875,000 names on the 'watch list'

The U.S. government's “massive” watchlist database risks stigmatizing hundreds of thousands of people as known or suspected terrorists – including some its own citizens, a leading civil liberties group has warned.

Around 875,000 names are believed to be on the list, the American Civil Liberties Union (ACLU) said. Many are included "based on information that is often stale, poorly reviewed, or of questionable reliability," it added in a report published Friday. Moreover people are being put onto the watch list based on secret evidence and secret standards, with no meaningful process to challenge mistakes, the ACLU warned.

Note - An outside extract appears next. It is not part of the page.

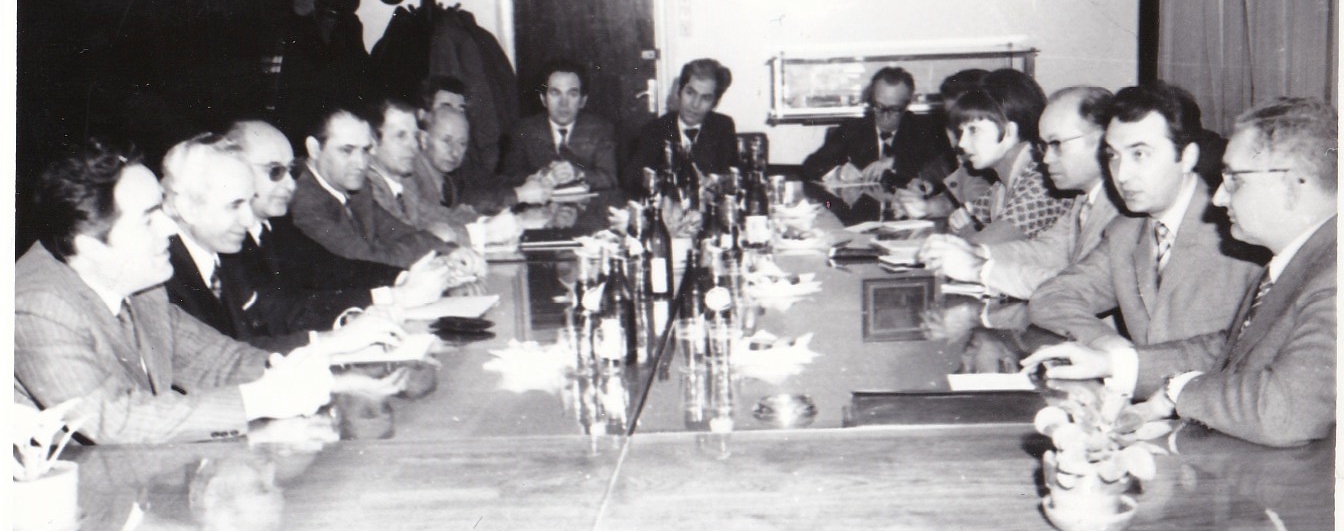 9 -Vizita ministrului energiei din RDG, 30.11.1976,. Calin Mihaileanu, al 3-lea din stanga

The consolidated Terrorist Watchlist was created in 2003, in part a response to the 9/11 attacks. It provides for a single database of identifying information on individuals suspected by the US to be potentially involved in terrorist activity.

The U.S. government has said the database is “one of the most effective counterterrorism tools for the U.S. government." But the report highlights the negative consequences for anyone finding themselves on the list. It states that traveling by air or sea can become more difficult – and individuals on the list are often subjected to invasive screening, denial of visas, detention and questioning.

Redress procedures for those who have been wrongly or mistakenly included on the list are inadequate, the ACLU said, and can result in innocent people languishing on the list without any real way to challenge their status, according to the ACLU.

What's more, the lists are "shared widely within the federal government, with state and local law enforcement agencies, and even with foreign governments," the ACLU said in a press release.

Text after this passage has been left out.